WORK TASK:
All records, minus the pictures: write them out exactly.

GIVEN DATA:
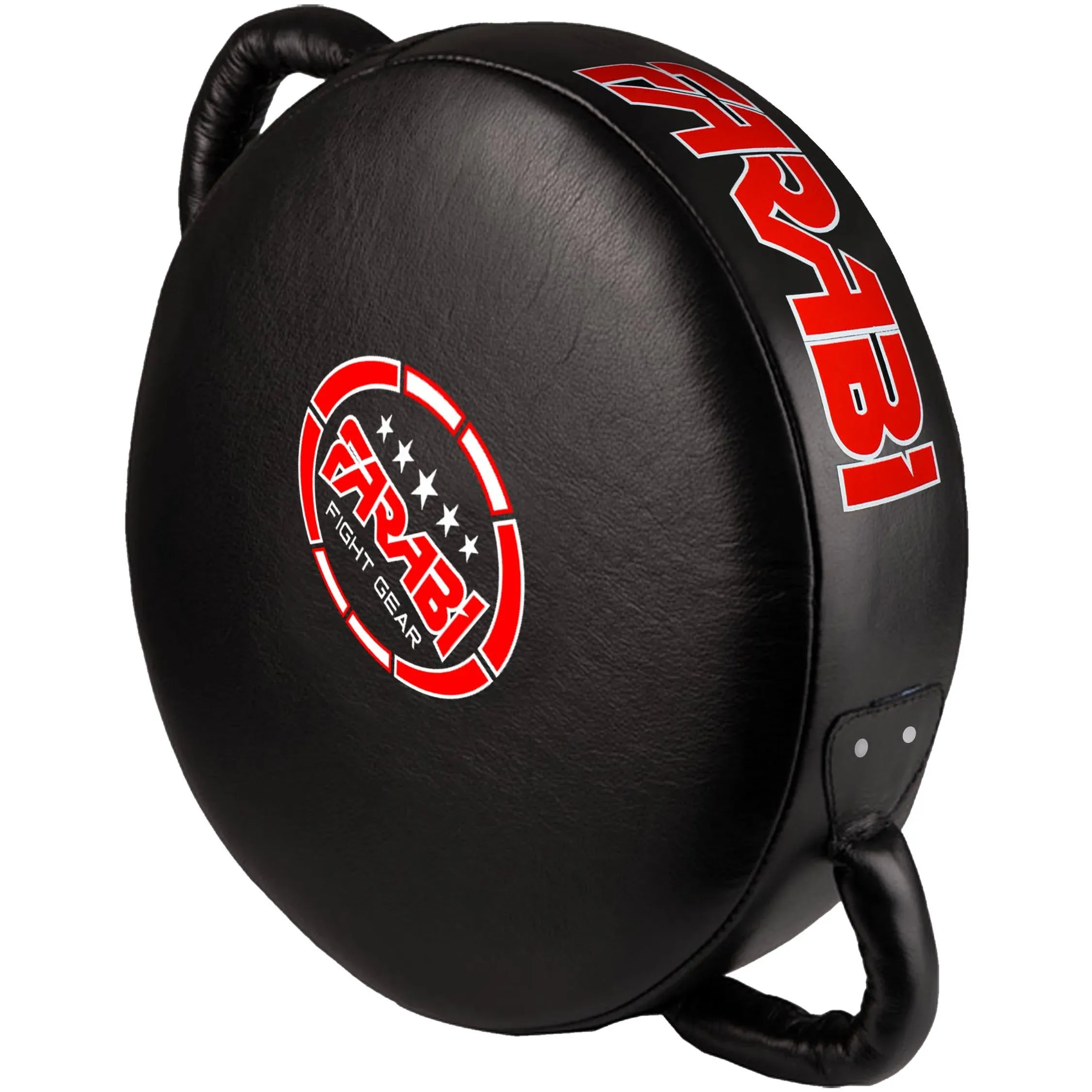 Farabi Real Leather Strike Pad Boxing Pads Muay Thai MMA Taekwondo Kickboxing...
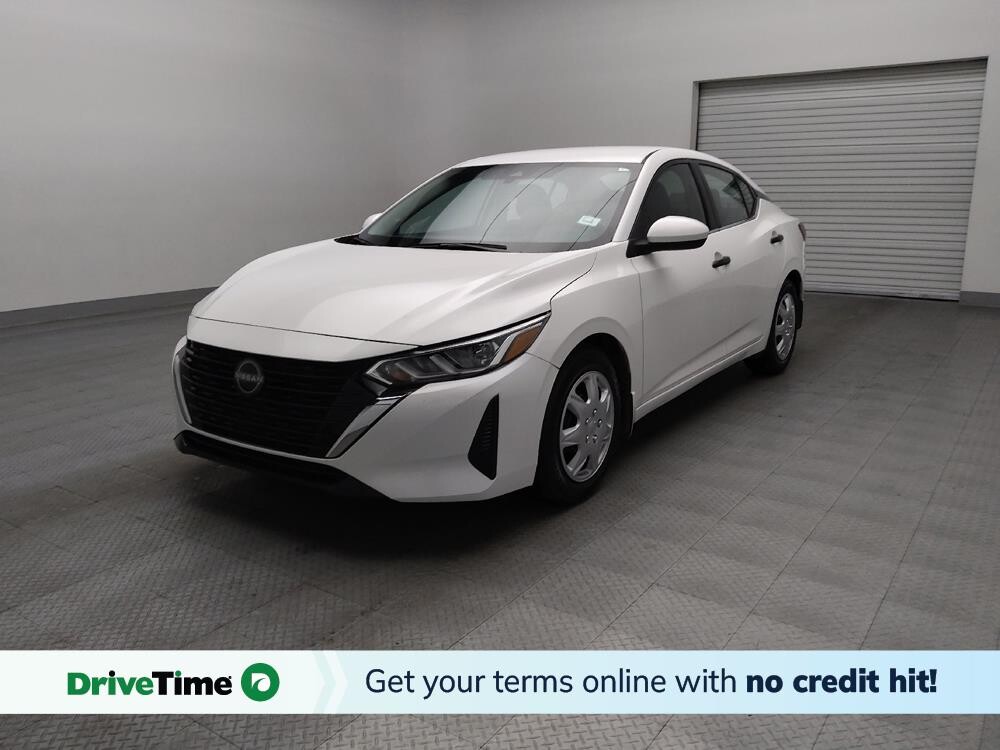 2025 Nissan Sentra in Fort Worth, TX 76116 - 18132998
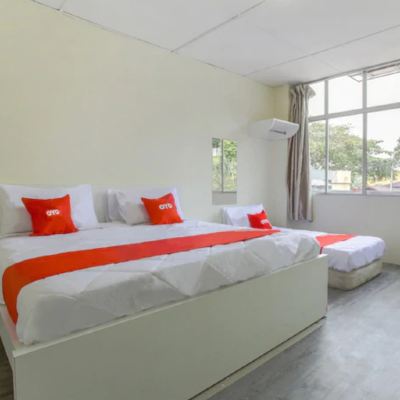 Suite Superior Kupon OYO 822 Zande Motel Kuala Selangor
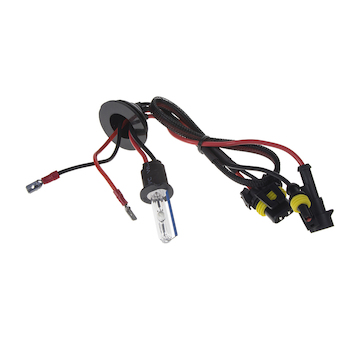 Náhradní výbojky H3-8000K, HID-H38KBULB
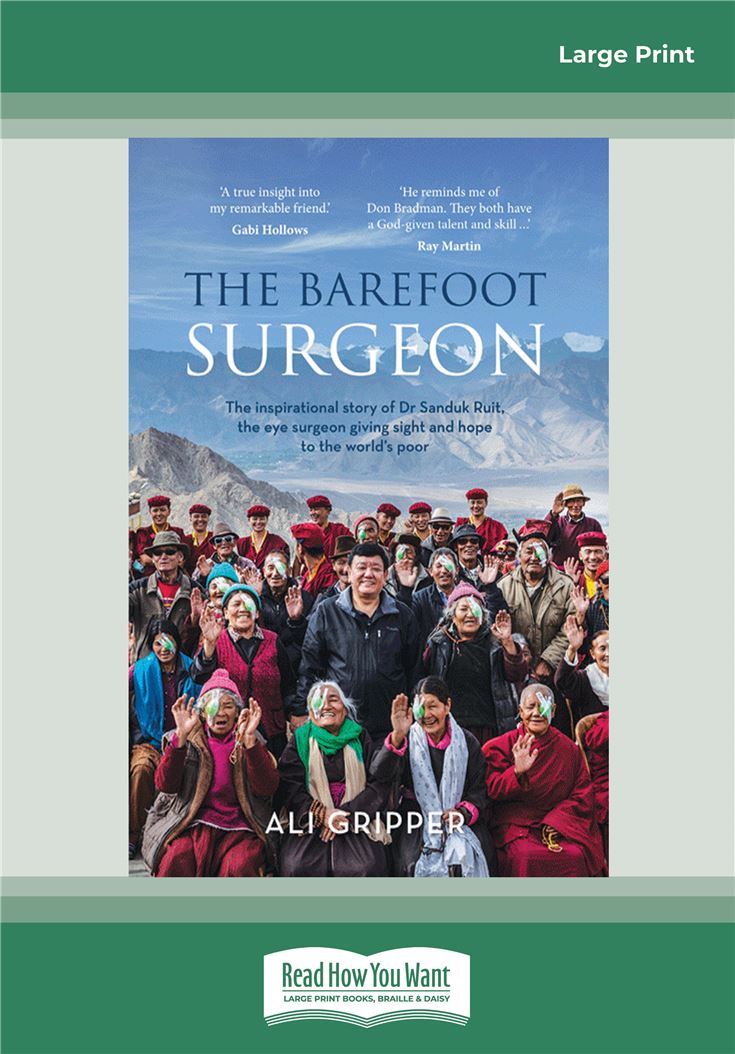 The Barefoot Surgeon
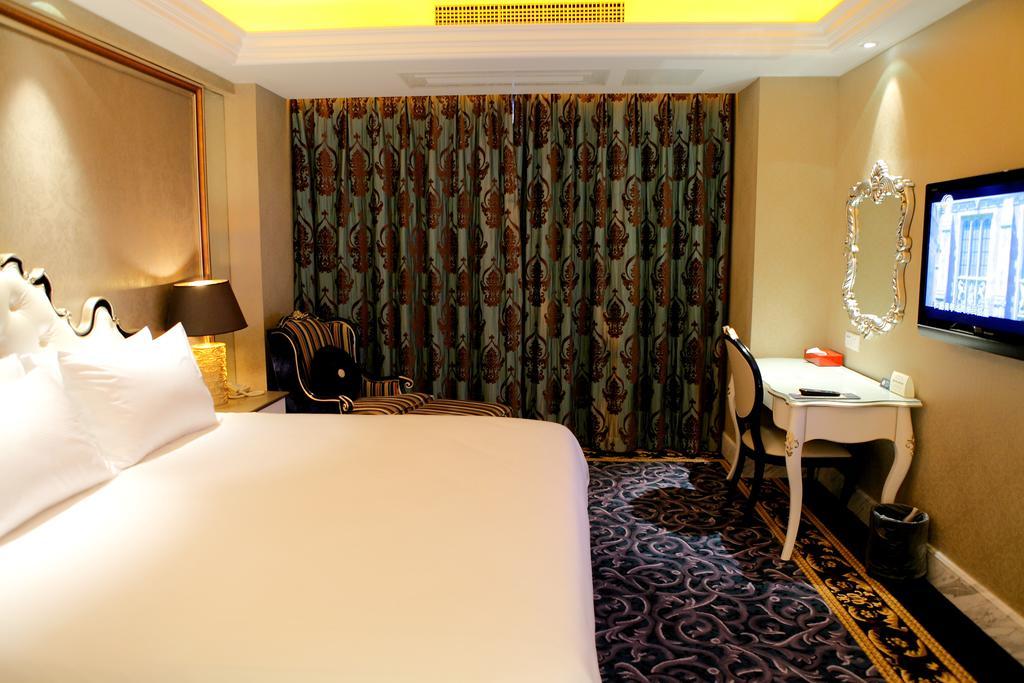 Jingli Hotel Нанкин Стая снимка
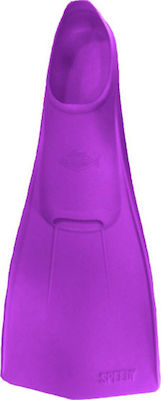 Florida Speedy Kids Swimming / Snorkelling Fins Medium Purple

RESPONSE TO THE TASK:
 Farabi Real Leather Strike Pad Boxing Pads Muay Thai MMA Taekwondo Kickboxing...
 2025 Nissan Sentra in Fort Worth, TX 76116 - 18132998
 Suite Superior Kupon OYO 822 Zande Motel Kuala Selangor
 Náhradní výbojky H3-8000K, HID-H38KBULB
 The Barefoot Surgeon
 Jingli Hotel Нанкин Стая снимка
 Florida Speedy Kids Swimming / Snorkelling Fins Medium Purple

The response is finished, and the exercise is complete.